An ontological system as a tool in a certain domain relates a set of harmonized parts of a real knowledge [58] and prior conceptualization, developed by extracting knowledge from both traditional sources (databases or sensors) and informal sources (domain experts). Within the formal sources, algorithms such as phenomenological mathematical models [10,22,59], decision trees [60], regressions [31], neural networks [39], or Bayesian networks [38], among others [37], are considered. The expert knowledge base is then generated through rules and facts drawn from the expert(s).

2.5. Planning of Operating Modes

The contrast in the leaching dynamics of different copper minerals has already been studied in the literature [10], indicating the differences between the mineral recovery curves in oxidized minerals versus sulfide minerals. In work developed by [10], phenomenological models were adjusted to extract copper from oxidized minerals in acidic media and sulfurized minerals (secondary sulfides) using H₂SO₄ and chlorides at different concentrations. This dynamic behavior of the feeding, considering the variable leaching time, to complete the process when the mineral recovery in the leaching behaves asymptotically, supposes high variations in the valid lifetimes of the heap (as shown in Figure 1a) due to lower leaching kinetics of sulfide minerals when exposed only to H₂SO₄, which implies increases in operating costs.

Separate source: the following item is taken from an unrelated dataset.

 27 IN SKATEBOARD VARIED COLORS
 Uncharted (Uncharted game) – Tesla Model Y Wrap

Given the variation in the recovery dynamics and the efficiency derived from maintaining relatively constant battery lifetimes, introducing a system of operating modes such as the one indicated in Figure 1b, associated with the copper oxide processing (Mode A) or copper sulfides (Mode B), has the potential to introduce improvements in the responses of the heap leaching process, accelerating the leaching kinetics of sulfide minerals (by adding chlorides as leaching agent), showing that the recovery curves of secondary sulfides tend to be assimilated to those of oxidized minerals (see Figure 1c), that is, operational planning that considers the leaching of both oxidized and sulfide minerals (secondary) has the potential to contribute to improving the efficiency in the use of the assets, increasing the recovery of the mineral due to the use of selective leaching agents as organized through different modes of operation depending on variations in the feed mineralogy. The modes of operation considered as part of the proposed recommendation system are presented below:

• Mode A: Leaching of oxidized copper ores in acidic media.
• Mode B: Leaching of sulfide copper ores using H₂SO₄, and chlorides as a catalyst agent.
• Mode X: Mixed leaching of oxidized and sulfurized minerals in acidic media at low chloride concentrations (This mode of operation corresponds to a transition mode, between the leaching of oxides with H₂SO₄ and chloride-adhering sulfides).

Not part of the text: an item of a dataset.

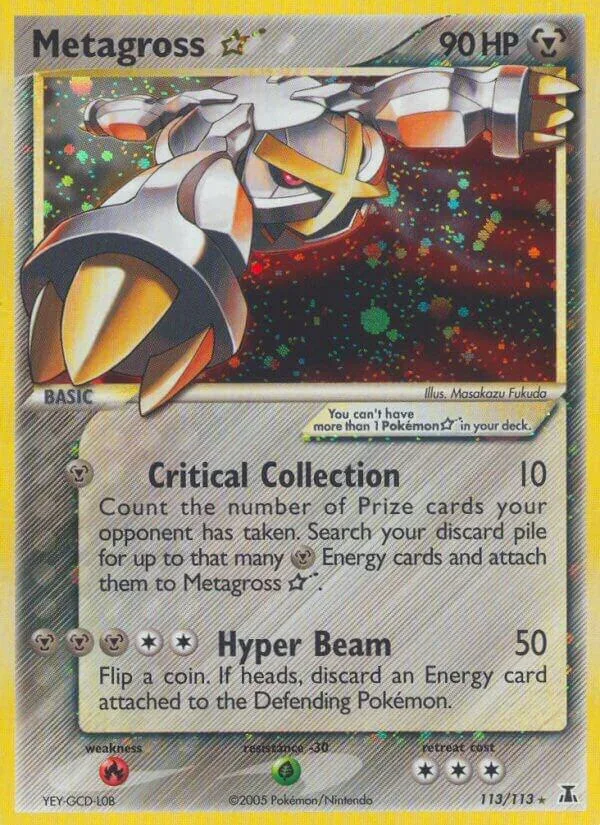 Metagross Star Holofoil card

2.6. Validation Using Performance Measures

Once the models have been developed, they must be validated using different techniques. The data obtained in the experiments will generate a confusion matrix, a matrix that facilitates the necessary analysis to determine where the classification errors occur. The performance values necessary to evaluate the classifier’s performance to be implemented will be calculated using this matrix. The confusion matrix is a 2 × 2 matrix with numerical values TP, FP, TN, and FN, which are the result of the classified cases, where TP is the sum of the true positive cases, FP is the true negatives, TF represents the positive ones false, and FF corresponds to false negatives [61].

The measures of merit used in this study help determine the quality of the predictive models developed and are based on data from the confusion matrix and the training result. The contrast between the outputs of the recommendation system and the planning generated by historical data and by experts is evaluated through the performance indicators confusion matrix, accuracy, precision, recall, specificity, F measure, Matthews correlation coefficient, and kappa index [52]. These merit values are as follows:

• Accuracy (Acc): Corresponds to the proportion of correctly classified cases from all the examples in the dataset. This indicator can be calculated with the data from the confusion matrix (see Equation (1)).

  Accuracy = (TP + TN)/(TP + TN + FP + FN)

  (1)
• Precision (p): The proportion of true positives (TP) among the elements is predicted as positive (see Equation (2)). Precision refers to the spread of the set of values obtained from repeated measurements of a quantity.

  Precision = TP/(TP + FP)

  (2)
• Recall (r): The proportion of predicted true positives among all items classified as positive (see Equation (3)).

  Recall = TP (TP + FN)

  (3)
• Specificity: (True Negative Rate) measures the proportion of negatives that are correctly identified (that is, the proportion of those who do not have the condition (not affected) who correctly identify as people who do not have the condition).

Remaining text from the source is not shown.